Caption-style text data:
————

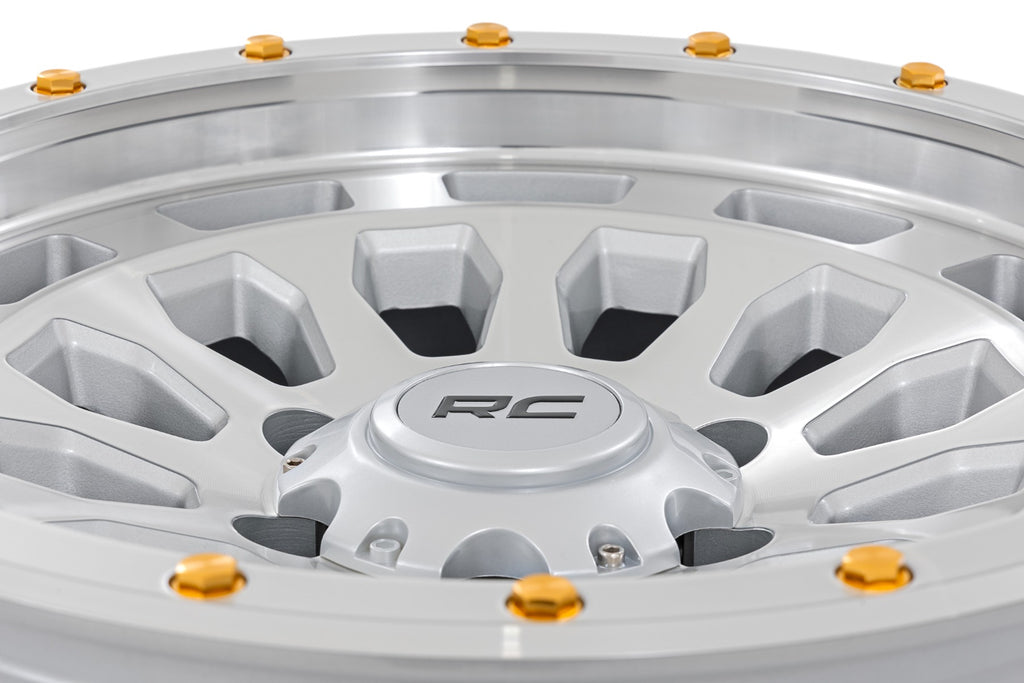 87 Series Wheel Simulated Beadlock Full Machine 17x8.5 6x5.5 +0mm Rough Country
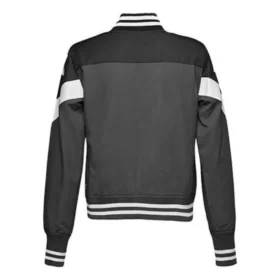 Bomber de béisbol sin acolchado, tallas asiáticas «Grey White Black»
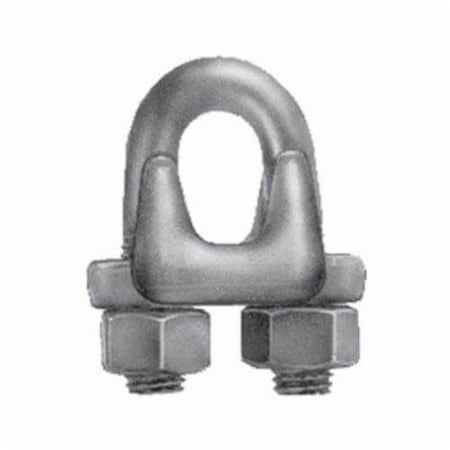 Chicago Hardware Wire Rope Clip, 12 In, Drop Forged Steel, 3 Clips, 1112 In Rope Turn Back, 23490 0 23490 0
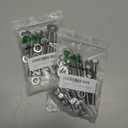 2 x (5 Sets) 3/8"-16 x 3 Stainless Steel Hex Head Screws Bolts, Nuts, Flat & Lock Washers, 18-8 (304) S/S, Fully Threaded by MetalSpacersOnline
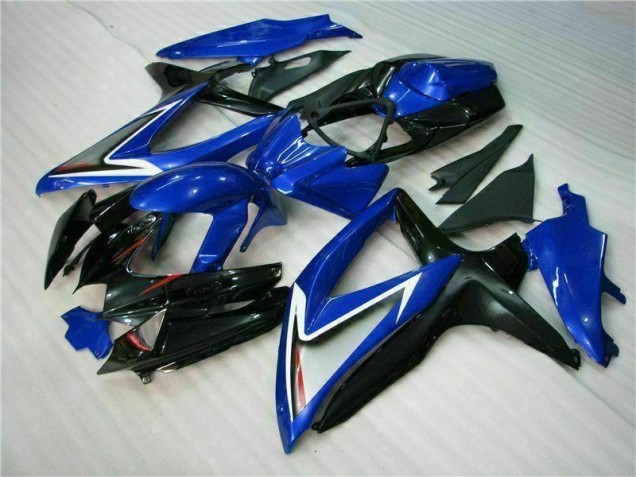 Blau Schwarz GSXR 600 / 750 K8 08-10 Motorrad Verkleidung Blau Schwarz GSXR 600 / 750 K8 08-10 Motorrad Verkleidung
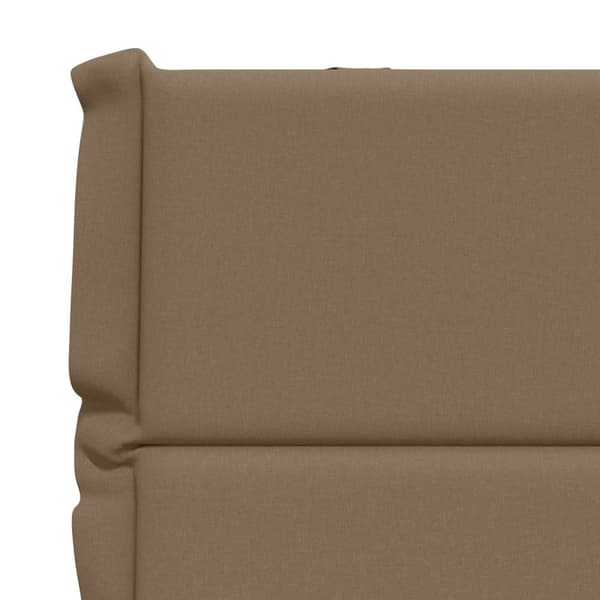 4-delade Höga Ryggstolsdynor GEMERT 4 st 100% Polyester Taupe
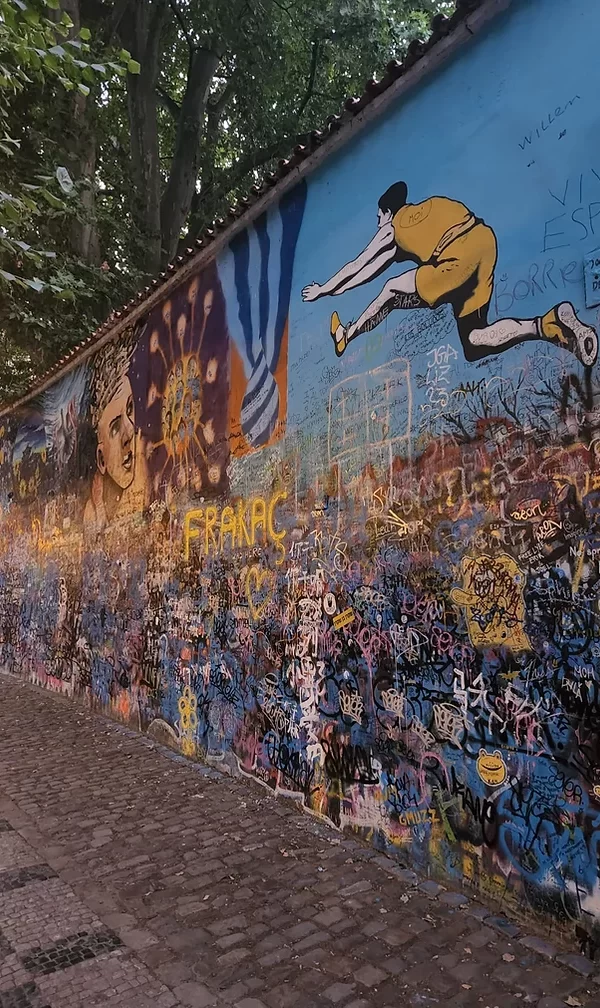 John Lennon's Wall in Prague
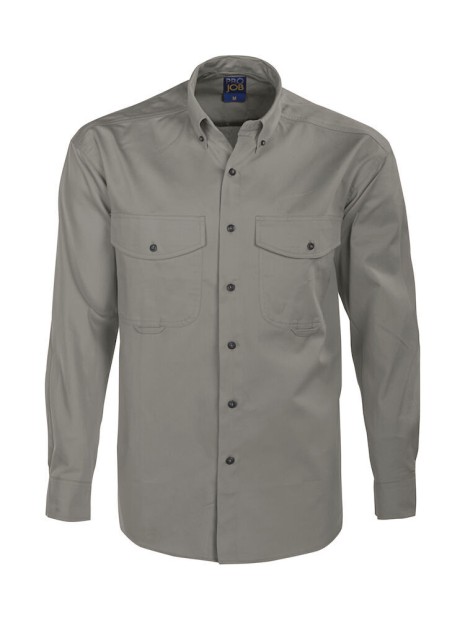 PROJOB 2219 CHEMISE COTON argent personnalisable
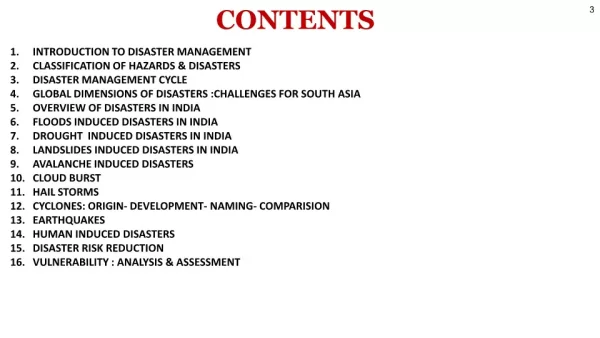 Simplified Disaster Management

————

* What is being asked *
Output, exactly and with no pictures, every line from the one that contains "PROJOB 2219 CHEMISE" through the final line of the entries.

* Result *
 PROJOB 2219 CHEMISE COTON argent personnalisable
 Simplified Disaster Management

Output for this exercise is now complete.